TASK TO COMPLETE: Read through the material below and copy each line in which the word "Steel" occurs.
:: DATA PROVIDED ::
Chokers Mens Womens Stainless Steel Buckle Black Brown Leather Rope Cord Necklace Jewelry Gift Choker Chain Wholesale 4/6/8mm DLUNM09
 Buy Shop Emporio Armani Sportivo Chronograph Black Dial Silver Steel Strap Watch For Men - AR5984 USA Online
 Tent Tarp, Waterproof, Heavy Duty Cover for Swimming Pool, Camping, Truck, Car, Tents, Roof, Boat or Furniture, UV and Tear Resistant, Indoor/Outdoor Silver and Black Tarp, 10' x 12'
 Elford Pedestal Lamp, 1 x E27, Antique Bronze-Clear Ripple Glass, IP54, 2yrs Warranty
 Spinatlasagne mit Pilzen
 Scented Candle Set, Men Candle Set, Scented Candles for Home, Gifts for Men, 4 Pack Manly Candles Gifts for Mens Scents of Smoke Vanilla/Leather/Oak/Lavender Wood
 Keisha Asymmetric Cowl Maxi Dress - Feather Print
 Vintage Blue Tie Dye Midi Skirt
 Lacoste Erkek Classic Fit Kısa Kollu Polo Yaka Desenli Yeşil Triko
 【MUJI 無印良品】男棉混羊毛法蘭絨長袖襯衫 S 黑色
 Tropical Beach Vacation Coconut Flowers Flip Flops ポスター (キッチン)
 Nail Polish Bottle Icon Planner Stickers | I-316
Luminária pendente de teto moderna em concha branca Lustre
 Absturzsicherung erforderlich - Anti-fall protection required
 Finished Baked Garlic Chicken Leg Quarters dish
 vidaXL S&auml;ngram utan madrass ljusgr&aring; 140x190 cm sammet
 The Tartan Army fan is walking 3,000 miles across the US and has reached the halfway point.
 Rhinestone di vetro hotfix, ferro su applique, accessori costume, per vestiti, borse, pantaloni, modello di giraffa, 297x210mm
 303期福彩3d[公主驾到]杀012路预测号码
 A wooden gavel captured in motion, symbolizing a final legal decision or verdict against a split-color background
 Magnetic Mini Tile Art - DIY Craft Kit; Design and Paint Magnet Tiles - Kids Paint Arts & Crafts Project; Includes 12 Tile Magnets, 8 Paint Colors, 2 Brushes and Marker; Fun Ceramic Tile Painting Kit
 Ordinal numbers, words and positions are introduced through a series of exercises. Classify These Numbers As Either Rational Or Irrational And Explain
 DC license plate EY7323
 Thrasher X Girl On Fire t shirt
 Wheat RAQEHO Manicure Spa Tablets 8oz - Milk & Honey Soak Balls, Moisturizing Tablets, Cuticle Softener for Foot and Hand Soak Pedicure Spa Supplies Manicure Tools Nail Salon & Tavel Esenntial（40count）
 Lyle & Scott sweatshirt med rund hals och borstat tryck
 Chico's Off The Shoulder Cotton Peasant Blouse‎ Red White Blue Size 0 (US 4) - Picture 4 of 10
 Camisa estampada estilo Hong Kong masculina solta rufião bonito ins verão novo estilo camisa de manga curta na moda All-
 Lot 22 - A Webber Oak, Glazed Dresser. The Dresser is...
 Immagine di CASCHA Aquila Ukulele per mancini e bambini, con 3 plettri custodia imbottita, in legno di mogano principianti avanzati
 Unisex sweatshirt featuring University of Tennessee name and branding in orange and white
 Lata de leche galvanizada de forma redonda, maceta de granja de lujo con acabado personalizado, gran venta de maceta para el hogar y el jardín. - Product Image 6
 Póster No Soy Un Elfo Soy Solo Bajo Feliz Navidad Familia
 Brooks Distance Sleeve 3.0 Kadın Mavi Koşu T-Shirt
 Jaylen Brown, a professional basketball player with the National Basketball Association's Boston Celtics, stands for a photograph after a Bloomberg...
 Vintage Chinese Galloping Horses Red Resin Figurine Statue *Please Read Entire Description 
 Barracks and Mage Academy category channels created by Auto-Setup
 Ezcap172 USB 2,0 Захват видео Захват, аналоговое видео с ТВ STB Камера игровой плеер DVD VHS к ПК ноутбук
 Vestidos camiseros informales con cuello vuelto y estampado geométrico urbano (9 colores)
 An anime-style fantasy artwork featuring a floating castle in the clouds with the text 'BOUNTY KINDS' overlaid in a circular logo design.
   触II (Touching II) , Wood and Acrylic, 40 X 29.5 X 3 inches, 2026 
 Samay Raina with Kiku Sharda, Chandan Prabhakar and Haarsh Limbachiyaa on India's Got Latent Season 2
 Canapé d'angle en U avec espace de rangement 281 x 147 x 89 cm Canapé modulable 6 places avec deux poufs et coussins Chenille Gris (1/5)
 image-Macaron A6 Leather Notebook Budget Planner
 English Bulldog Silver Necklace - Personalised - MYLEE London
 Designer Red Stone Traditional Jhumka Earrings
:::
ANSWER BOX:
Chokers Mens Womens Stainless Steel Buckle Black Brown Leather Rope Cord Necklace Jewelry Gift Choker Chain Wholesale 4/6/8mm DLUNM09
 Buy Shop Emporio Armani Sportivo Chronograph Black Dial Silver Steel Strap Watch For Men - AR5984 USA Online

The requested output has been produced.